» **What is needed**:
Give back the line below containing "Image similar to" and every later line, exactly.

» **Task inputs**:
· · ·
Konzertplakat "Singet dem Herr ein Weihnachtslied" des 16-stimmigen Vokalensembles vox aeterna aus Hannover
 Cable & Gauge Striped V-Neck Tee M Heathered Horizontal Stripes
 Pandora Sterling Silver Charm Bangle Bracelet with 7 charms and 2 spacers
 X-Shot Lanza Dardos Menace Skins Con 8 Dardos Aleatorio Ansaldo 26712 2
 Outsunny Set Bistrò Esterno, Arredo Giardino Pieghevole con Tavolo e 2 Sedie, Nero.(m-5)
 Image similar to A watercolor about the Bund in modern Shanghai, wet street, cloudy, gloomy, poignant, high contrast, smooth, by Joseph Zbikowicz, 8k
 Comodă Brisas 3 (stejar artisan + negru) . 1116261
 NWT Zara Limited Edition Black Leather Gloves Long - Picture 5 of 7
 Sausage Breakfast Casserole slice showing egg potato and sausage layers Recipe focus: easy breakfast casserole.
· · ·
» **The answer**:
 Image similar to A watercolor about the Bund in modern Shanghai, wet street, cloudy, gloomy, poignant, high contrast, smooth, by Joseph Zbikowicz, 8k
 Comodă Brisas 3 (stejar artisan + negru) . 1116261
 NWT Zara Limited Edition Black Leather Gloves Long - Picture 5 of 7
 Sausage Breakfast Casserole slice showing egg potato and sausage layers Recipe focus: easy breakfast casserole.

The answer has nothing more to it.